Record excerpts |
>>>>
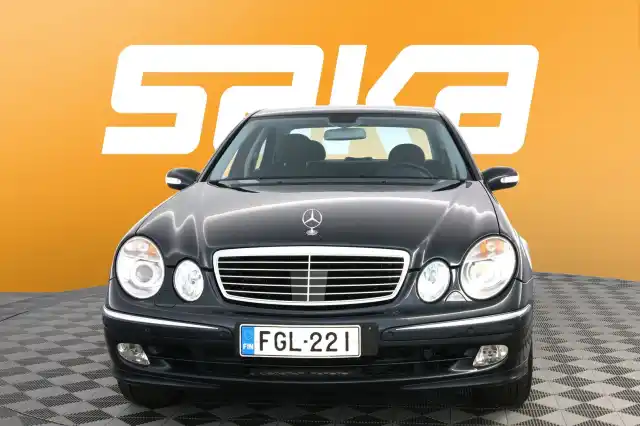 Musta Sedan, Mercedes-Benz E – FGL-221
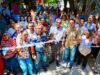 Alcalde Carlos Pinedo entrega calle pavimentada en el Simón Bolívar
<<<<
>>>>
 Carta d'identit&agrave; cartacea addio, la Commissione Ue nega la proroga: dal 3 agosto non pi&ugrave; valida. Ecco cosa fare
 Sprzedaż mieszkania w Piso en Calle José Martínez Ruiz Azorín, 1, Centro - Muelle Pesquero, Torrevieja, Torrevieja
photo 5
<<<<
Description of the task | Set down exactly the lines above, from the line containing "Musta Sedan, Mercedes-Benz E – FGL-221" through the line containing "Alcalde Carlos Pinedo". Skip the pictures.

Solution to this exercise |
 Musta Sedan, Mercedes-Benz E – FGL-221
 Alcalde Carlos Pinedo entrega calle pavimentada en el Simón Bolívar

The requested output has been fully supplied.